LearnNewsExamplesServices

Cloud-Native KB Ingestion — Hook Wiring

Status — Phase 3B + #11743. This guide documents the shipped ingestion surfaces of Epic #11624 plus the #11743 tenant-side repo-push client: the ingest_source_files MCP operation (#11634), the npm run ai:kb-push-client remote MCP wrapper, and the npm run ai:ingest-tenant bulk CLI (#11635). The runnable pre-push hook and worked external workspace it references ship under ai/examples/cloud-deployment/.

Three operator surfaces, one ingestion service

A tenant's source content reaches the Knowledge Base through the same KnowledgeBaseIngestionService.ingestSourceFiles orchestrator and writes to the unified Chroma knowledge-base collection. The operational surfaces differ in who calls them, where they run, and work-volume policy.

For the operator-facing decision model — how to choose repo slugs, treat credentials, inventory source families, and decide when to use each facade — read Tenant Ingestion Model first.

Surface Caller Volume policy Built for
ingest_source_files A remote MCP client of the sse / StreamableHTTP deployment — an agent in the tenant workspace, or a tenant push client Gated — refuses a batch over mcpSyncMaxChunks (default 50); listed/callable only when the KB server runs with transport === 'sse' Incremental pushes: a commit's worth of changed files
npm run ai:kb-push-client A tenant git hook or CI job; wraps the remote MCP call Same MCP gate as ingest_source_files Operator-facing repo-push invocation over StreamableHTTP/SSE
npm run ai:ingest-tenant A shell process co-located with the KB server — the cloud operator, a CI job Ungated (viaMcp: false) Initial tenant onboarding (5k–50k chunks), large back-fills

The fork between them is the #10572 MCP work-volume gate. An MCP tool call holds the calling agent's turn open; embedding tens of thousands of chunks synchronously inside one call is the wrong shape. The gate makes that structural — ingest_source_files refuses an over-volume batch (it returns a refusal payload, it does not block), and the bulk CLI is the sanctioned path for the volume the gate rejects. viaMcp: false — passed only by the CLI — is the single sanctioned gate bypass.

Transport and auth model

The KB MCP server runs dual-transport (ai/mcp/server/knowledge-base/Server.mjs): stdio for a local single-repo deployment, or sse (StreamableHTTP) for a cloud deployment serving remote tenants — selected by aiConfig.transport with aiConfig.mcpHttpPort. ingest_source_files is transport-gated: it is listed and callable only when the KB server runs with transport === 'sse'. Local stdio clients do not see it and direct calls fail closed with guidance to use the local CLI/service path instead. The ai:ingest-tenant CLI is not a remote facade — it imports the KB services directly and runs on the deployment host.
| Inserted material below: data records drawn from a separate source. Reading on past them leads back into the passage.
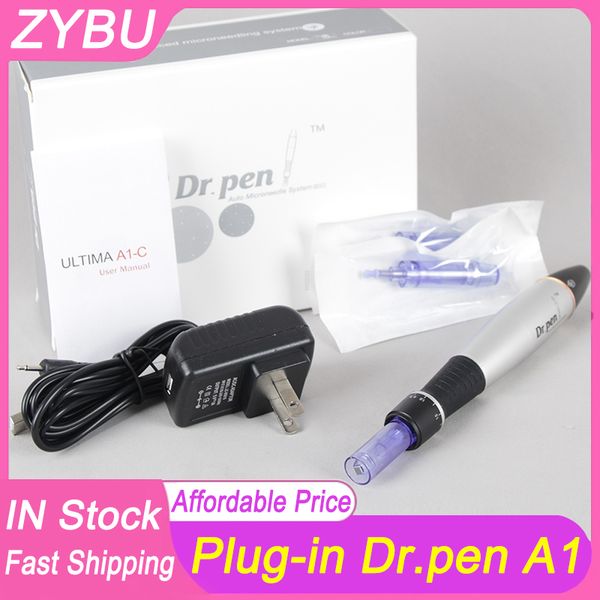 Alambre Dr.pen Ultima A1 agujas puntas derma pen Enchufe Eléctrico Microneedled Skin Care Tools cartuchos de aguja de 12 pines Derma System Therapy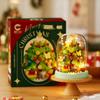 Compatible con Caja de Música Árbol de Navidad Lego Ensamblaje Juguetes de Bloques de Construcción Altos para Niños Decoración de Papá Noel Regalos Venta al por Mayor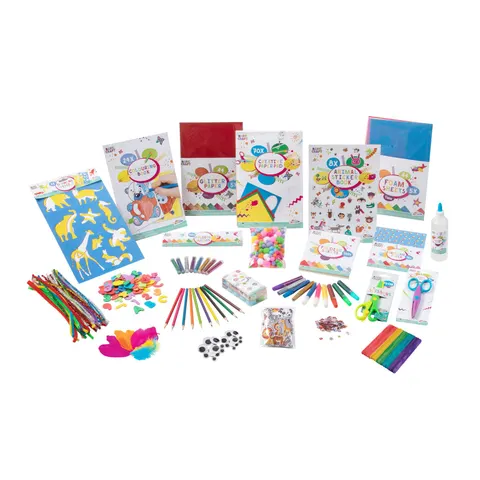 Moxy Cutie cu set de decorațiuni de bază
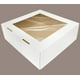 thumbnail image 2 of Caja Torta Microcorrugada Cuadrada Ventana Superior 34x15cm, 2 of 2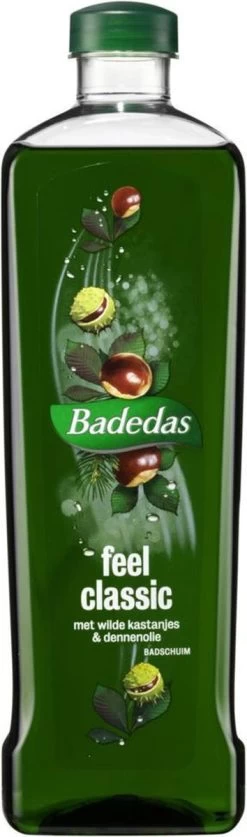 Badedas Feel Classic Badschuim 1 L -Lichaamsverzorging 354x1200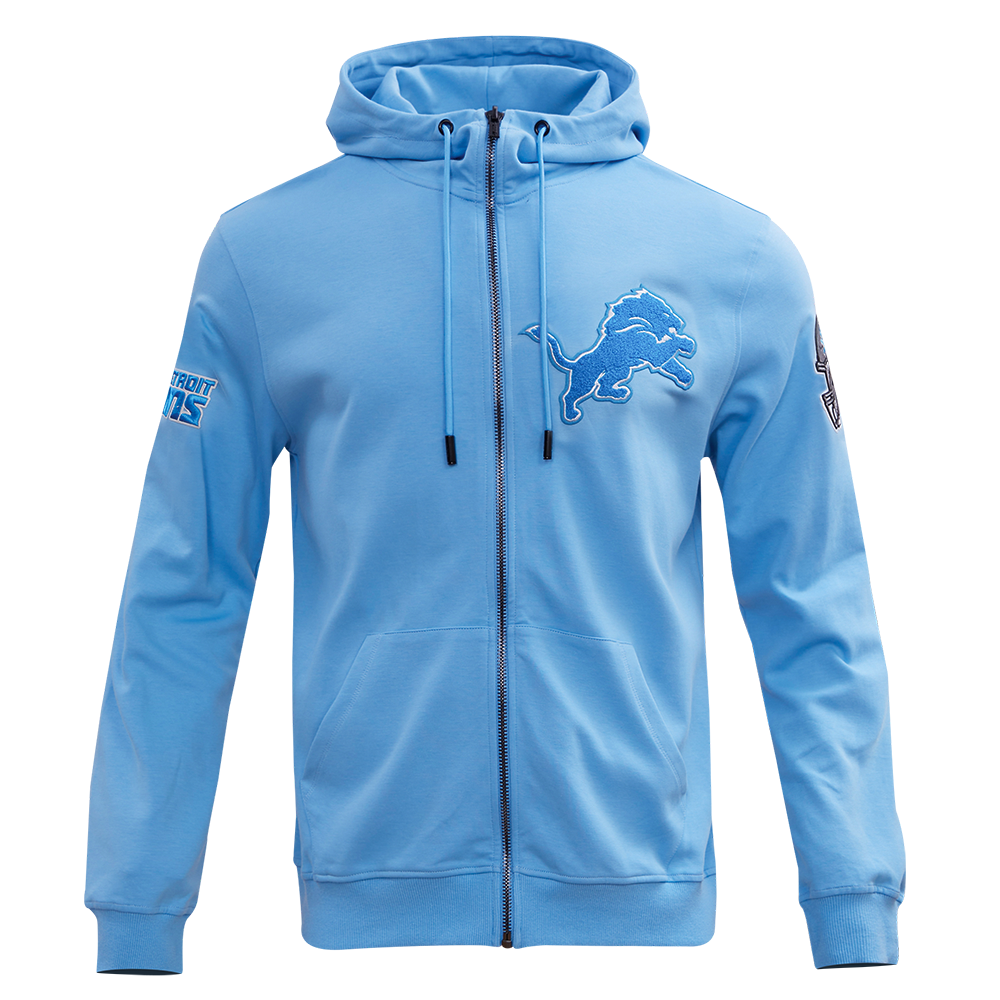 SUDADERA CON CIERRE NFL DETROIT LIONS CLASSIC CHENILLE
The deployable repo-push path is npm run ai:kb-push-client. It is a tenant-side MCP client wrapper around ingest_source_files:

NEO_KB_MCP_URL="https://agent-os.example.com/kb/mcp" \
NEO_KB_INGEST_TOKEN="$repo_push_token" \
NEO_KB_TENANT_ID="client-org" \
NEO_KB_REPO_SLUG="neomjs/create-app" \
npm run ai:kb-push-client -- --from-stdin < envelope.json

The operator-facing primitive is the repo-push automation identity, not a human agent session:

  1. Create a service account or machine client in the deployment's OIDC provider, for example kb-repo-push-client-org.
  2. Configure the token audience/resource to match the KB deployment's public MCP resource. Behind the reference Caddy ingress, that means the canonical KB public URL exposed by NEO_PUBLIC_URL plus the /mcp endpoint path, commonly https://agent-os.example.com/kb/mcp.
  3. Store the access token or client-credentials exchange output in the tenant hook/CI secret store, exposed to the hook as NEO_KB_INGEST_TOKEN. Do not commit it, put it in repoSlug, or log it.
  4. Scope the identity to the tenant it represents. The server stamps the authoritative tenant identity from authenticated context; payload tenantId remains a default/claim, not authority.
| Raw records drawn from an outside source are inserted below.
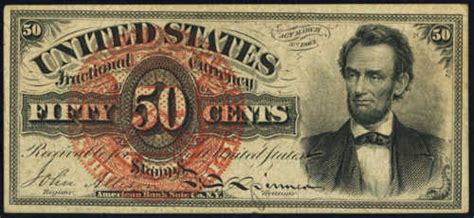 Fractional Currency Value & Price Guide - Old Money Prices - Rare Bills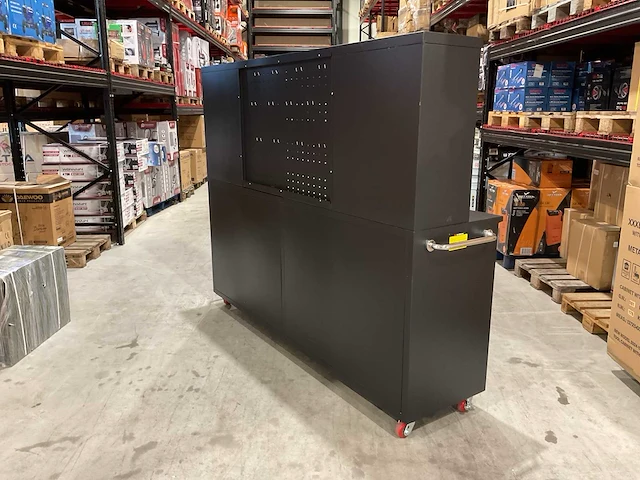 2025 stahlworks 7-18-01c rvs / zilver handvat gereedschapkast verrijdbaar - afbeelding 6 van  19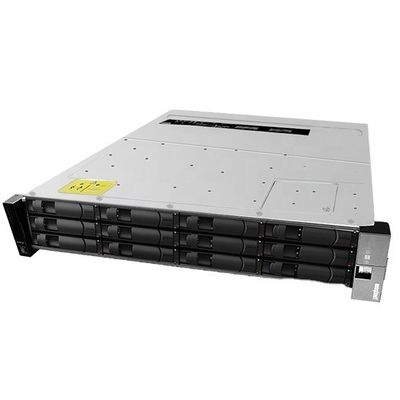 Lenovo ThinkSystem DE2000 de doble control / 4 * 16GB FC Disco Array gabinete para el rendimiento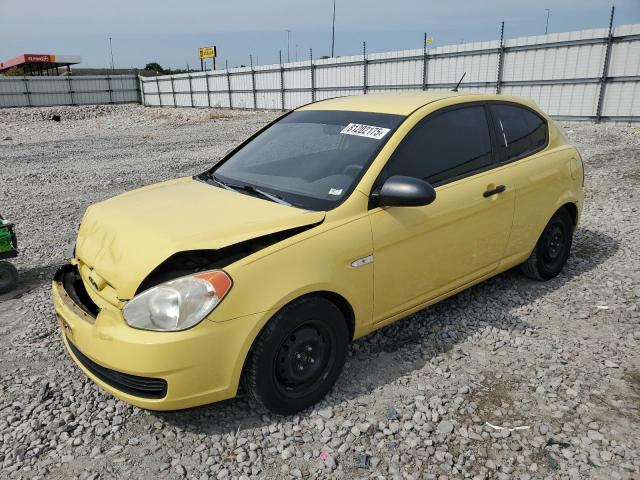  Salvage Hyundai ACCENT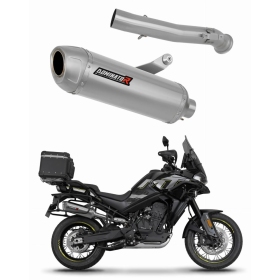 CF MOTO 800 MT 2022-2025 Explore / Sport / Touring Dominator Exhaust Silencer Muffler S6 + dB killer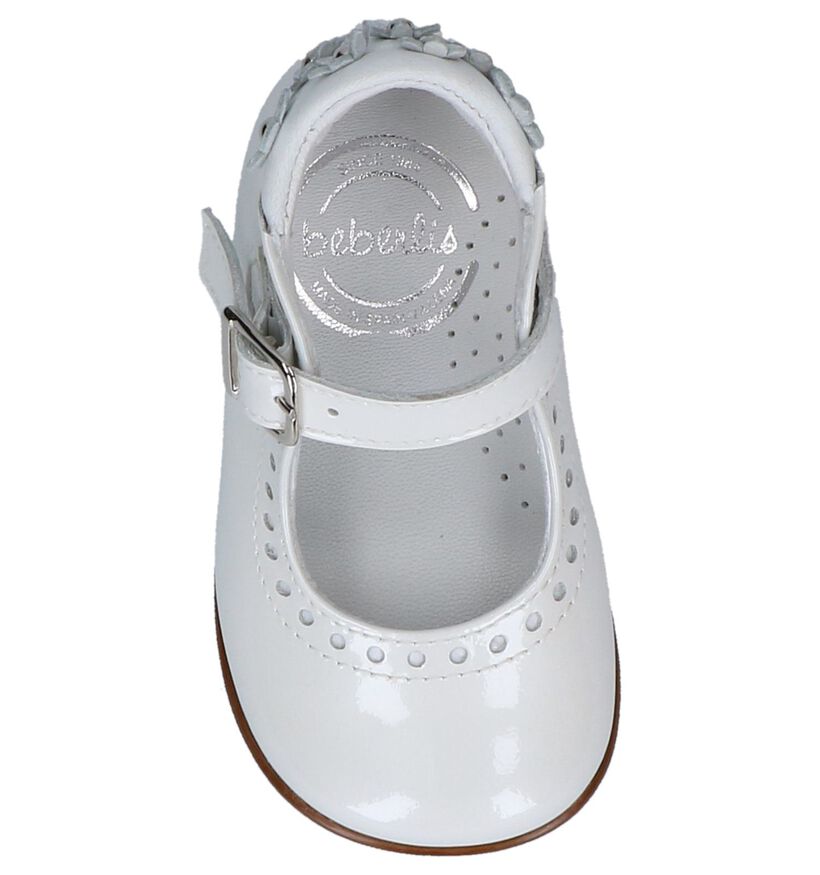 Beberlis Chaussures pour bébé  en Blanc en cuir (245724)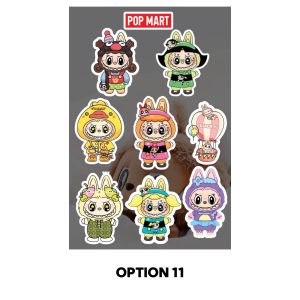 Labubu Sticker Set Pack - Adorable Cute Collectible Monsters Perfect for Decorating
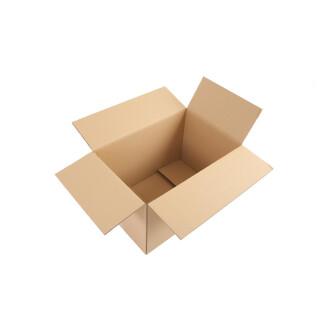 Versandkarton, braun, 1-wellig 295 x 195 x 90 mm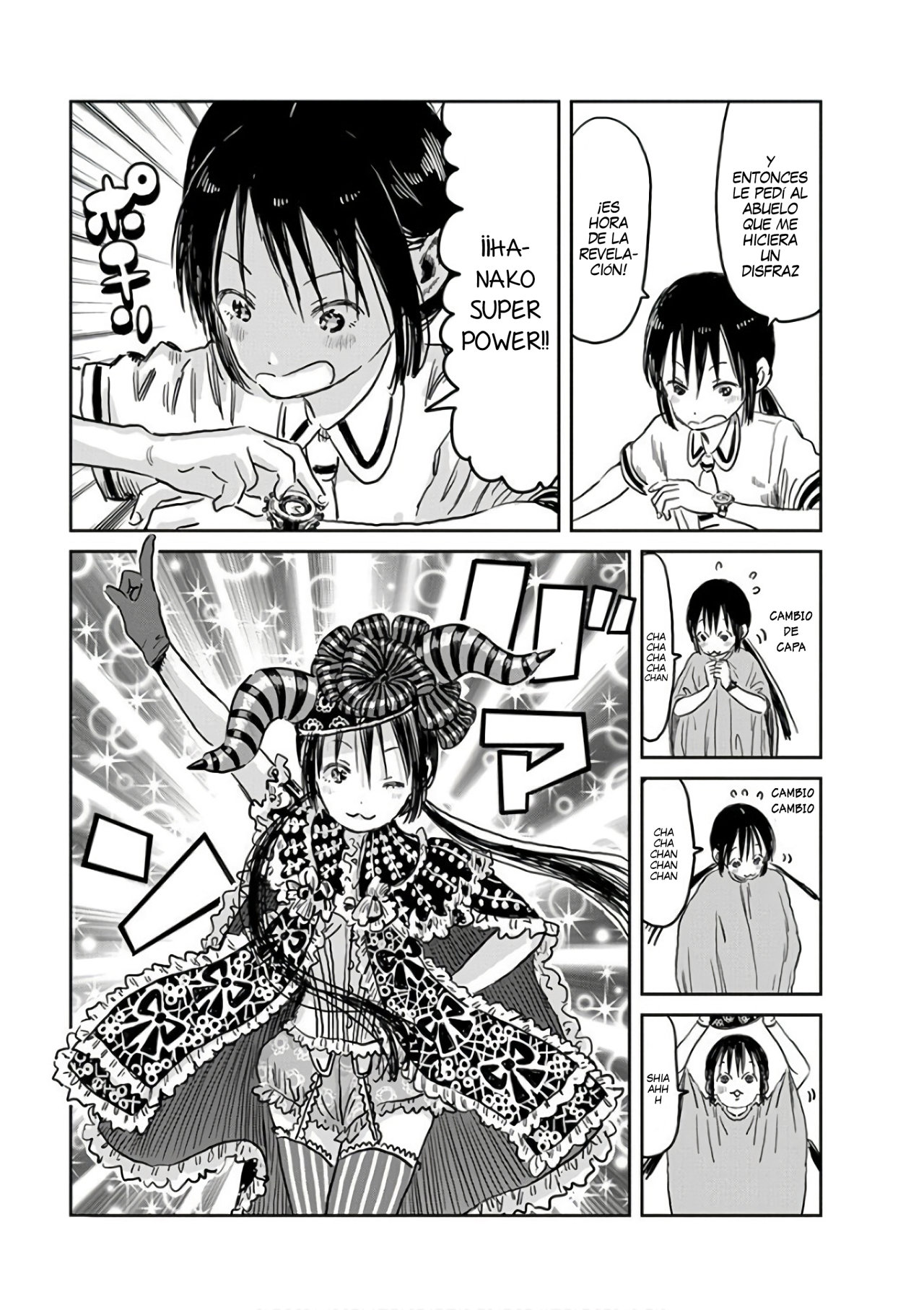 Read Asobi Asobase ES Manga Online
If a deployment deliberately runs unauthenticated for a local demo, pass --allow-unauthenticated; production tenant ingestion should not use that flag.

The incremental facade — ingest_source_files

ingest_source_files accepts a push envelope:

{
  "tenantId": "client-org",                  // the client's claim; the server stamps the authoritative value
  "files": [
    { "sourcePath": "src/foo.mjs", "content": "<raw file text>" },           // raw — server parses
    { "sourcePath": "src/bar.mjs", "parsedChunks": [ /* parsed-chunk-v1 */ ] } // client-parsed
  ],
  "deleted":          [ { "sourcePath": "src/gone.mjs", "repoSlug": "main-app" } ],
  "manifestSnapshot": { "repoSlug": "main-app", "pathsAfterPush": [ "src/foo.mjs", "src/bar.mjs" ] },
  "baseRevision":     "<last-pushed-SHA>",
  "headRevision":     "<current-SHA>"
}

No envelope field is strictly required — the ingestion service validates and returns a structured summary rather than throwing. A files entry is resolved to parsed-chunk-v1 records by one of several paths: a raw {content} payload is parsed server-side by a registered parser (parserId, default raw-text); a {parsedChunks: [...]} payload carries client-side parsed records; an entry that is itself a parsed-chunk-v1 record (schemaVersion: '1.0.0') passes straight through. See Custom Parsers for the parser side.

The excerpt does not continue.